Since at least 2008, the EPA has been over-reliant on the industries they are charged with regulating, which ultimately contributed to the financial crisis and the 2010 Deepwater Horizon oil spill. But once Scott Pruitt was hired by the Trump Administration, a group of experts, who recently published a study under the Environmental Data and Governance Initiative, now fear complete “regulatory capture.”

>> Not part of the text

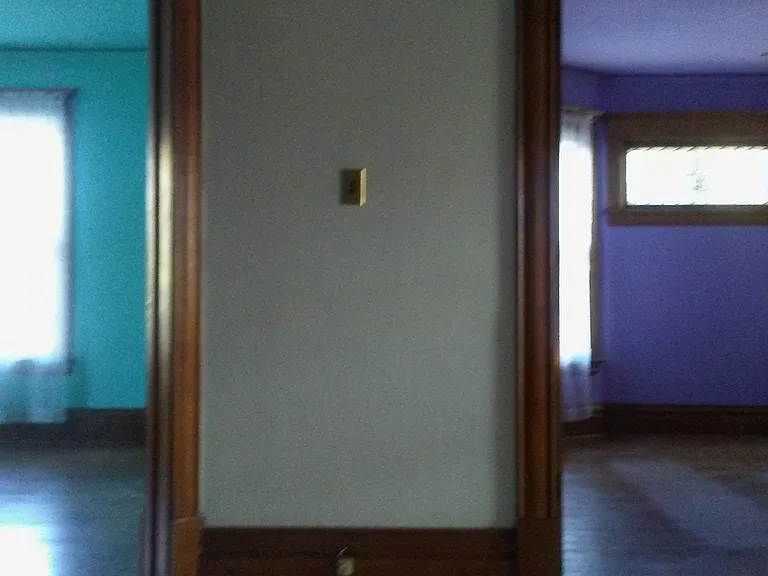 2122 Marshall Ave — Photo 12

Regulatory capture takes place when agencies become dominated by the industries they were charged with regulating rather than public interest. In May, reporters weren’t allowed into an EPA summit meeting that discussed chemical contamination of drinking water. Experts point to this as a warning sign of a particular industry capturing the EPA. How do they know it’s being captured by industry? According to David Moss and Daniel Carpenter of Harvard, an agency has been captured if its actions have been “directed away from the public interest and toward the interest of the regulated industry” by “intent and action of industries and their allies.”

The mission of the EPA is to “protect human health and the environment.” However, Pruitt has protected the interests of harmful industries such as petrochemicals and coal since his first day at the EPA while rarely speaking to the effects these industries have on the environment and public health. The Conversation notes he has even commented that regulators exist “to give certainty to those that they regulate,” and should be committed to “enhanc(ing) economic growth.”

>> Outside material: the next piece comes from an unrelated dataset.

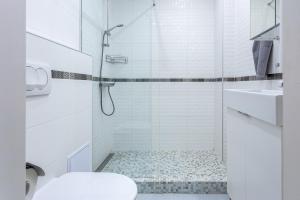 Goldcentral Apartment Akacfa-Next To Mazel Tov-Brilliant Location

So what will Pruitt’s actions mean for the environment and public health? For example, when Pruitt refused to ban insecticides last year, he put farm workers and children in danger of developmental delays and autism spectrum disorder. When he revoked the Clean Power Plan and relaxed fuel-efficiency standards, he put the entire nation’s health at risk due to the negative health effects of greenhouse gas emissions. The list goes on, but one fact remains true in each case: regulated industries had an “active hand” in these decisions. Pruitt has met with representatives of the industries he’s tasked with regulating 25 times more often than he’s met with environmental agencies.

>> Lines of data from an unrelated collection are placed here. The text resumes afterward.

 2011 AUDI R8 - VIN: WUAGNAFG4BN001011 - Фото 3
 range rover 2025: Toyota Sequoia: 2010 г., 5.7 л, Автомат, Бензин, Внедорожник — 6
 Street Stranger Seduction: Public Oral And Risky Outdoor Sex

Pruitt has direct connections to the industries that are actively controlling the EPA’s regulations. Nancy Beck is the EPA’s deputy assistant administrator of the Office of Chemical Safety and Pollution Prevention, and also happens to be a former executive at the American Chemistry Council. Beck is just one in a long list of EPA senior officials who have ties to the industries they are now tasked with regulating. Other notable examples are Deputy Administrator Andrew Wheeler—a former coal industry lobbyist—and Senior Deputy General Counsel Erik Baptist, a former senior counsel at the American Petroleum Institute.

These ties reveal corporate lobbyists are directly impacting the EPA’s decisions. For example, the decision to overturn the Clean Power Plan as well as the decision to withdraw from the Paris climate accord were moves recommended by coal magnate Robert Murray in his Action Plan for the Administration. Emails between Pruitt and Murray have been documented, as well as Pruitt’s visits with multiple corporate officials as they worked together to take down the Clean Power Plan.

Not only is Pruitt working directly with industries and their corporate lobbyists, he is also silencing those in the EPA who disagree with these actions. According to The Conversation, EPA employees have been “threatened by budget cuts, buyouts and retribution against disloyal staff and leakers.” Pruitt has even limited the scientific research that the agency can rely on when they write environmental regulations. However, the EPA Science Advisory Board voted to do a review of Pruitt’s controversial, and corrupt, proposals—including the scientific justifications behind them. Despite these efforts, the current administration will stand behind Pruitt and every cooperation he is representing. Our only hope for the protection of the environment and public health is the midterm elections and the 2020 presidential election.